▸ **Assigned task**: Among the records below, the line containing "CHACO Z Cloud" marks the start. Output it and all lines after it exactly.
=== Section Start ===
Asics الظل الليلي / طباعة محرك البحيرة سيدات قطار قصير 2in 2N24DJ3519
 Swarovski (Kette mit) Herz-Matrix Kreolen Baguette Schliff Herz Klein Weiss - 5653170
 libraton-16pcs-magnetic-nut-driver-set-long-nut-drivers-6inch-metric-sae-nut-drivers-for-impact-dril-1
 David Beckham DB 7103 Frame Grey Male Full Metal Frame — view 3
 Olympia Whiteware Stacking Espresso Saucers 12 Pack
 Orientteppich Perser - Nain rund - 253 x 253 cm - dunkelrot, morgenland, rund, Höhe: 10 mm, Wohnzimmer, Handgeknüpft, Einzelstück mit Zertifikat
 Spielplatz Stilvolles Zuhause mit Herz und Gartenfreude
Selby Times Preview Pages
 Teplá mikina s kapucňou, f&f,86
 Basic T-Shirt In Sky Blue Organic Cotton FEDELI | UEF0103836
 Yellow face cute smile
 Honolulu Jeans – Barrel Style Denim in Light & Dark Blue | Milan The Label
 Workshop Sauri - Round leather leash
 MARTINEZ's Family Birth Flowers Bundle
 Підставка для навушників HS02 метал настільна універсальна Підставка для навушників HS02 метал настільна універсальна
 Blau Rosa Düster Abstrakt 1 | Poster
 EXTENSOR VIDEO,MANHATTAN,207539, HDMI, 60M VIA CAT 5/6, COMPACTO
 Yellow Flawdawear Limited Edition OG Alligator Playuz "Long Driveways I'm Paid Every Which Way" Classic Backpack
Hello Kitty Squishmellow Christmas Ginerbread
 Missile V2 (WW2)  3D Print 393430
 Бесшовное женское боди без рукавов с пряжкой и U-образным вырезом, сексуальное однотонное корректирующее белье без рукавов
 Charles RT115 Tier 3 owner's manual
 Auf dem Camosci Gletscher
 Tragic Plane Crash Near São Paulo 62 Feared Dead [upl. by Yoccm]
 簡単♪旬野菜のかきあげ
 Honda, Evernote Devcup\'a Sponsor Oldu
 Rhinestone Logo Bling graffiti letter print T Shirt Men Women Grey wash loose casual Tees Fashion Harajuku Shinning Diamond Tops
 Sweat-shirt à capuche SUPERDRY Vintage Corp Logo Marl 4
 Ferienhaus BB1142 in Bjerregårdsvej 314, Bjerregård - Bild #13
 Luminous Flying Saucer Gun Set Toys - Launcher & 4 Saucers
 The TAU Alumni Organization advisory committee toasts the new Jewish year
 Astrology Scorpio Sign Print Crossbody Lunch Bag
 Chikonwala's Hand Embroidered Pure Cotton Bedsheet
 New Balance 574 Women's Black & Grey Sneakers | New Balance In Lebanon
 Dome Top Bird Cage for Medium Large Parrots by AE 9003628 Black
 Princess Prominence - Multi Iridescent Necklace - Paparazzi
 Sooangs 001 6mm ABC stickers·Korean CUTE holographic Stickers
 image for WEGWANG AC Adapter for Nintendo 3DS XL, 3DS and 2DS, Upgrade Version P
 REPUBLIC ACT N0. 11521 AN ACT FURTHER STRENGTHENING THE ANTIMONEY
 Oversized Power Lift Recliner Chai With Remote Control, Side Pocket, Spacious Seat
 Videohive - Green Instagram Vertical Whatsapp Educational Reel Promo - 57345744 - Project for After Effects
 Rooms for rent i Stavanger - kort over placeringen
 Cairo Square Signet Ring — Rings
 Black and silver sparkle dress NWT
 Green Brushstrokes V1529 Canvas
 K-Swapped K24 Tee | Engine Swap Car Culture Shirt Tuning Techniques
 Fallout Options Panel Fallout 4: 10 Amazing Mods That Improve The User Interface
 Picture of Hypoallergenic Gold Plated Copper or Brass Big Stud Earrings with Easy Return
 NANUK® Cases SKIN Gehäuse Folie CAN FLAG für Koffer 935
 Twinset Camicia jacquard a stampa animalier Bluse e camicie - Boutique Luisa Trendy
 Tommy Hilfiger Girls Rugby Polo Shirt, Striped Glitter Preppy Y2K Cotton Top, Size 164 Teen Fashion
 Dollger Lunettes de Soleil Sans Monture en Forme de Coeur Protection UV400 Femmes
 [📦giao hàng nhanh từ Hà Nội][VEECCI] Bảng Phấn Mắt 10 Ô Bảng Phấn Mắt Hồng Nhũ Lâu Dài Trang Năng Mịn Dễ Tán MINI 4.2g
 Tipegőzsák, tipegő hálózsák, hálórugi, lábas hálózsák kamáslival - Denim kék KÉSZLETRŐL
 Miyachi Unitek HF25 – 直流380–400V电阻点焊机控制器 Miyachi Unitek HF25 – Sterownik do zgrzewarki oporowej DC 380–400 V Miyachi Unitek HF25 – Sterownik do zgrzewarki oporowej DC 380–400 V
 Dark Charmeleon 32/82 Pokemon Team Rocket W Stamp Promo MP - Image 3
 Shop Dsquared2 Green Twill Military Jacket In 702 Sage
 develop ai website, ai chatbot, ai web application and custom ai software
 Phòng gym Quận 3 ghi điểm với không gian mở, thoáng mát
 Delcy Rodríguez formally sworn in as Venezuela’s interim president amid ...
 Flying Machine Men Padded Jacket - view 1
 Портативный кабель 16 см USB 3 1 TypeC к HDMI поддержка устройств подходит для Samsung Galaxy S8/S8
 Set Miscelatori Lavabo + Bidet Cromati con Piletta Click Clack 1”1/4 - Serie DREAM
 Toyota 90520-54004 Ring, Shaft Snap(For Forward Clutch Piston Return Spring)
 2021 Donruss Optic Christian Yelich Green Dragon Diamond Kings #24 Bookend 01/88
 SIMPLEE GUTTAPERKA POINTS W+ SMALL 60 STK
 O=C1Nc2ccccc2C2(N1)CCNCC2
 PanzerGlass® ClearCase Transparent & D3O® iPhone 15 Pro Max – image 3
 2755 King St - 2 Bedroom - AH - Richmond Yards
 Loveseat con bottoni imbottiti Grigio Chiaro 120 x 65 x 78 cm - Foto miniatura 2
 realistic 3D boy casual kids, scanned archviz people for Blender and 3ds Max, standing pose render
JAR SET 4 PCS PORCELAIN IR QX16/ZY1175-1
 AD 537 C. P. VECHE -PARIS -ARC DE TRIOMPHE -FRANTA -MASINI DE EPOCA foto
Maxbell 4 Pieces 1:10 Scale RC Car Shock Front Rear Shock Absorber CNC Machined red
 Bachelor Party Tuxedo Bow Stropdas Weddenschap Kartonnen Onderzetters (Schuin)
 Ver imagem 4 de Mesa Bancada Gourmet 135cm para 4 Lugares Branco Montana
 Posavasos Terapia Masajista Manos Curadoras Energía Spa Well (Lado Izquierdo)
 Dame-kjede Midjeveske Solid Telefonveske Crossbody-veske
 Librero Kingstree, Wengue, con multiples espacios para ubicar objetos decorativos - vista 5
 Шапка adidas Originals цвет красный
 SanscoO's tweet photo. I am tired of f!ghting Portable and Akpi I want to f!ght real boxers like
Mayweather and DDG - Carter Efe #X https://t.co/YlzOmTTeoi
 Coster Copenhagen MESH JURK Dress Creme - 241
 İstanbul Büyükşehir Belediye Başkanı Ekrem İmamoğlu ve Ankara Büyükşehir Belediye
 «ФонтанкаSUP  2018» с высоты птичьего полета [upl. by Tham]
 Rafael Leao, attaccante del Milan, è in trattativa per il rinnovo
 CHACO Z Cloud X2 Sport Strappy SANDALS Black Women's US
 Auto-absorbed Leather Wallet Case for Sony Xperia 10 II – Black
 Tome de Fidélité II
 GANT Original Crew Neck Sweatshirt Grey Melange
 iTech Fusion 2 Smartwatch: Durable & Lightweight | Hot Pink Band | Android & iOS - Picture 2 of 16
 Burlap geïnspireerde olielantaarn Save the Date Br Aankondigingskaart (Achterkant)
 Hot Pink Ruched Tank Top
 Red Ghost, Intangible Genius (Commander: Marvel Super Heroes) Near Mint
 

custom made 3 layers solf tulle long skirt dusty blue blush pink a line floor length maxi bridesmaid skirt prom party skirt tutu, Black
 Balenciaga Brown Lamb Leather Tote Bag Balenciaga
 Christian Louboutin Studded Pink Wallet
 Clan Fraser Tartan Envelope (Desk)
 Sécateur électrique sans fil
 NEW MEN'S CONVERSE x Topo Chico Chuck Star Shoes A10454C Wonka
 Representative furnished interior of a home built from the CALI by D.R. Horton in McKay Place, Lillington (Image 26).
=== Section End ===
▸ **Final answer**:
 CHACO Z Cloud X2 Sport Strappy SANDALS Black Women's US
 Auto-absorbed Leather Wallet Case for Sony Xperia 10 II – Black
 Tome de Fidélité II
 GANT Original Crew Neck Sweatshirt Grey Melange
 iTech Fusion 2 Smartwatch: Durable & Lightweight | Hot Pink Band | Android & iOS - Picture 2 of 16
 Burlap geïnspireerde olielantaarn Save the Date Br Aankondigingskaart (Achterkant)
 Hot Pink Ruched Tank Top
 Red Ghost, Intangible Genius (Commander: Marvel Super Heroes) Near Mint
 

custom made 3 layers solf tulle long skirt dusty blue blush pink a line floor length maxi bridesmaid skirt prom party skirt tutu, Black
 Balenciaga Brown Lamb Leather Tote Bag Balenciaga
 Christian Louboutin Studded Pink Wallet
 Clan Fraser Tartan Envelope (Desk)
 Sécateur électrique sans fil
 NEW MEN'S CONVERSE x Topo Chico Chuck Star Shoes A10454C Wonka
 Representative furnished interior of a home built from the CALI by D.R. Horton in McKay Place, Lillington (Image 26).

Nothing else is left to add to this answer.